### What you need to do
Range to copy from the entries below: the line containing "Okak 47.5IN Modern" through the line containing "Cédric Charlier Perforated Belted Top", inclusive. Retype only those lines, exactly, without any images.

### Dataset records
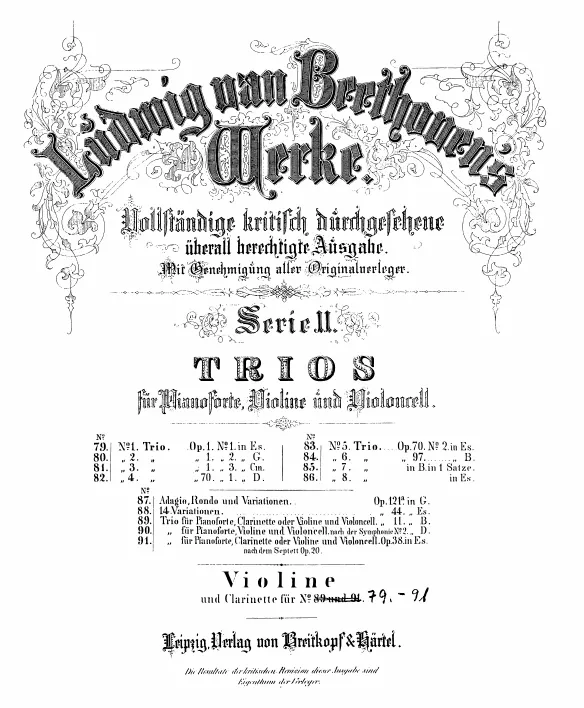 First page of Piano Trio No.7 in B-flat major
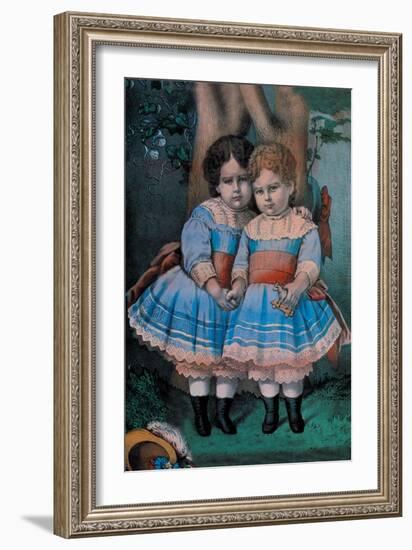 Little Sisters-Currier & Ives-Framed Art Print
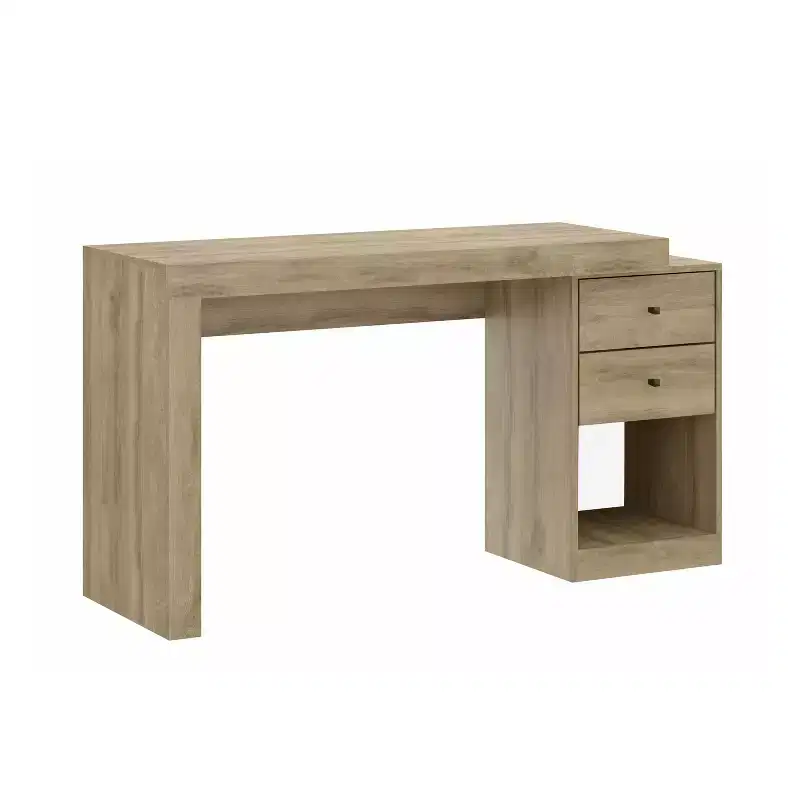 Okak 47.5IN Modern Expandable Home Office Desk, Computer Desk with 2 Drawers and 1 Shelf, Writing Desk for Reading Room, Study
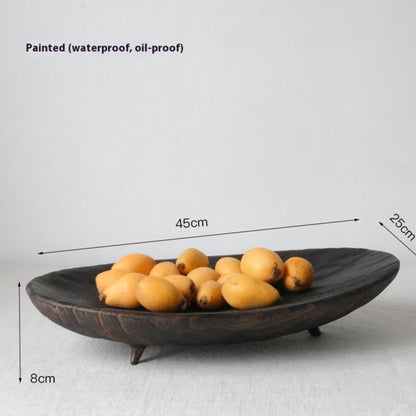 Large wooden tray with carvings and fruits on a white background and with measurements. Minimalist and Scandinavian home decor with earthy ambience. 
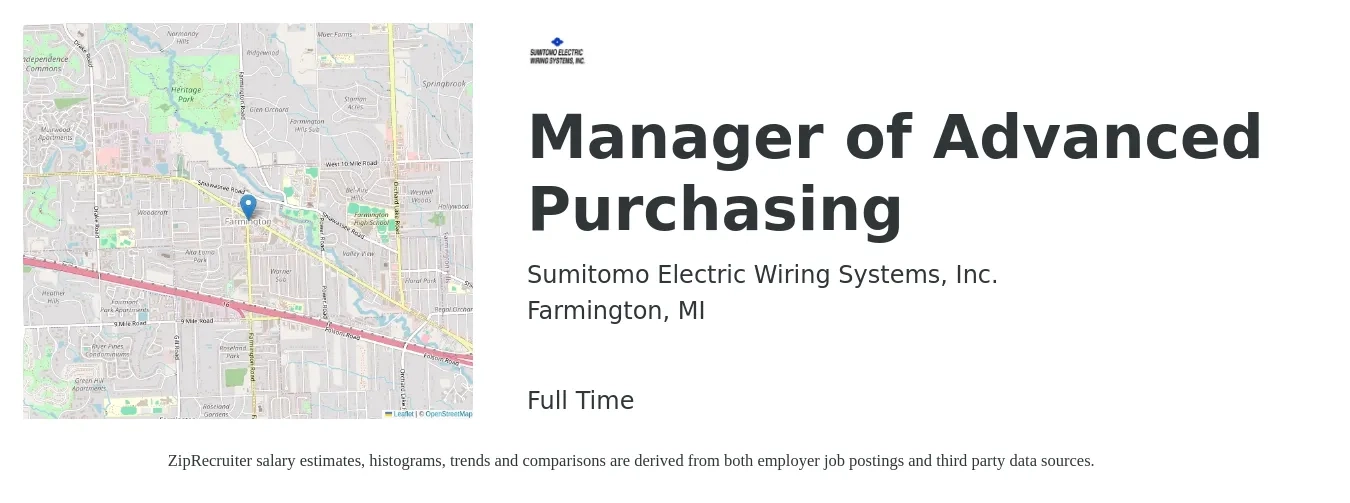 Sumitomo Electric Wiring Systems, Inc. job posting for a Manager of Advanced Purchasing in Farmington, MI with a salary of $64,000 to $98,400 Yearly with a map of Farmington location.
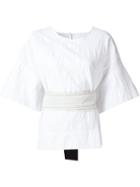 Cédric Charlier Perforated Belted Top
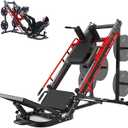 GarveeLife Leg Press Hack Squat Machine, 2 in 1 Leg Press Machine for Home Gym with Linear Bearing, Specialty Hack Squat Machine with Calf Block for Full Lower Body Workout (Black/Red)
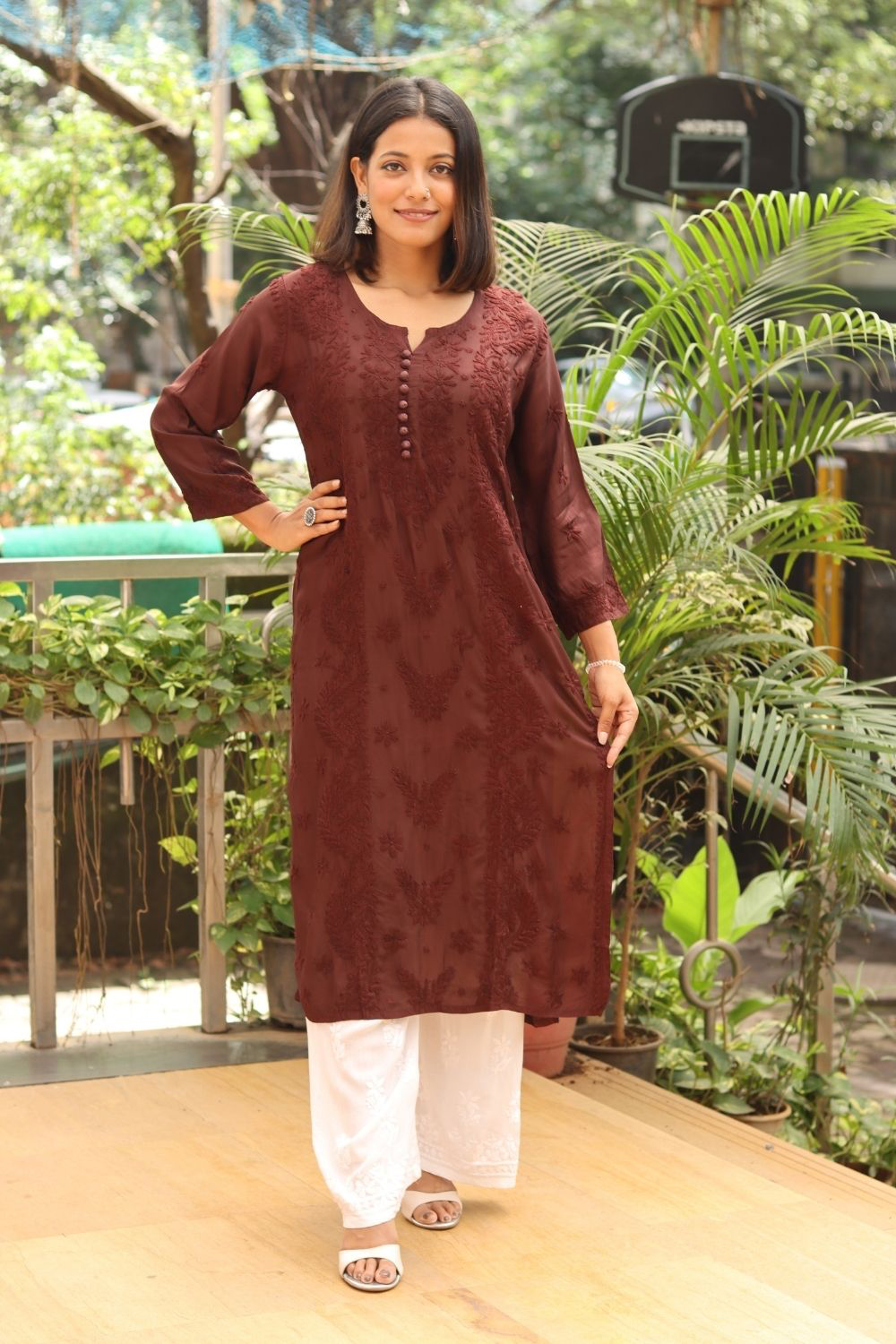 Huda Premium Crepe Silk Chikankari Tone To Tone Kurti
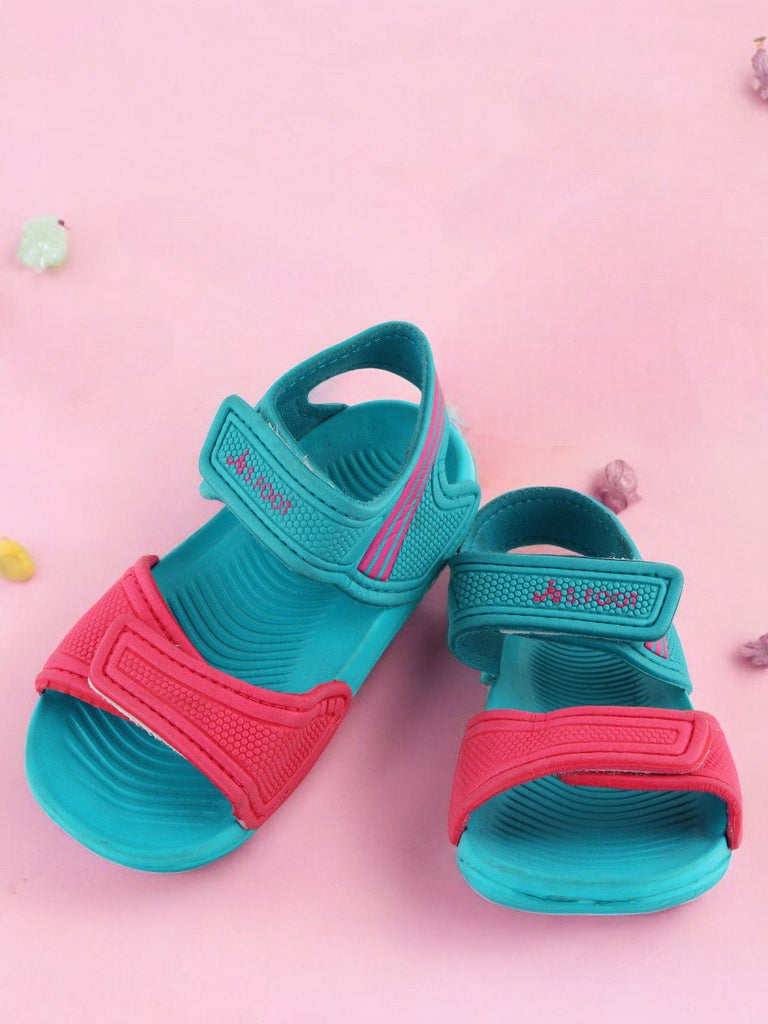 Adjustable Strap Sandals for Girls in Teal and Pink - creative View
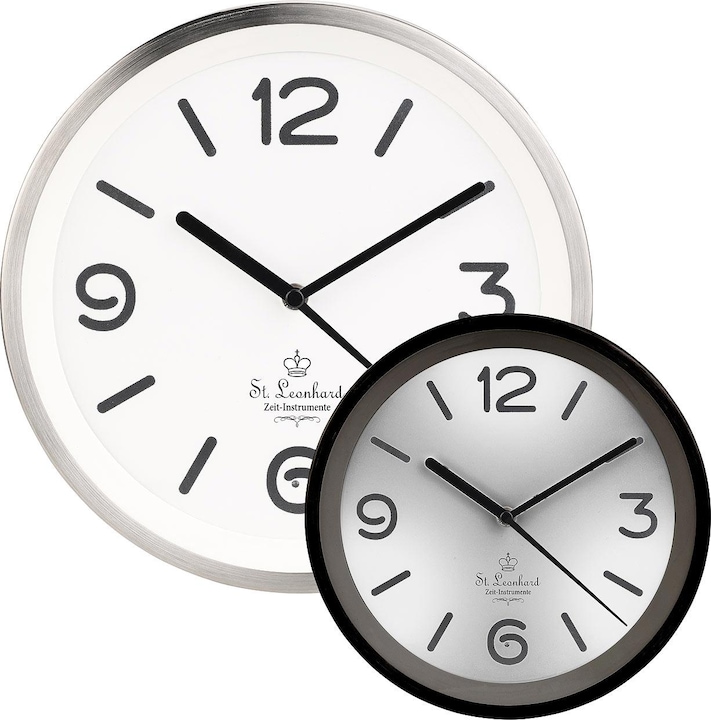 Produktbild St. Leonhard Edelstahl-Funk-Wanduhr mit Zifferblatt-Beleuchtung & Lichtsensor, weiss (25.50 cm)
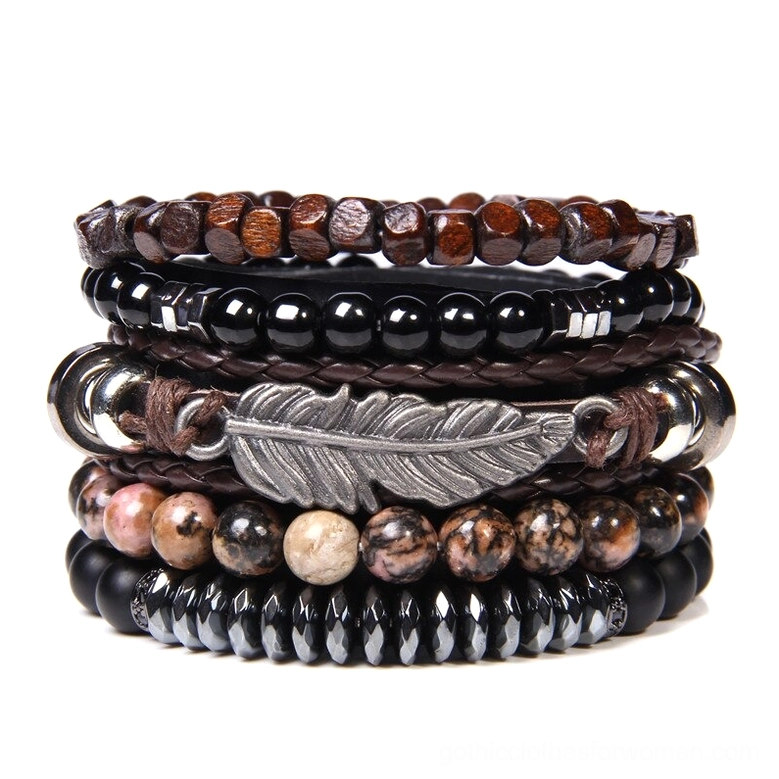 Gothic layered beaded bracelet set with natural stone beads and feather pendant, brown and black stone bracelet stack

### Your response
 Okak 47.5IN Modern Expandable Home Office Desk, Computer Desk with 2 Drawers and 1 Shelf, Writing Desk for Reading Room, Study
 Large wooden tray with carvings and fruits on a white background and with measurements. Minimalist and Scandinavian home decor with earthy ambience. 
 Sumitomo Electric Wiring Systems, Inc. job posting for a Manager of Advanced Purchasing in Farmington, MI with a salary of $64,000 to $98,400 Yearly with a map of Farmington location.
 Cédric Charlier Perforated Belted Top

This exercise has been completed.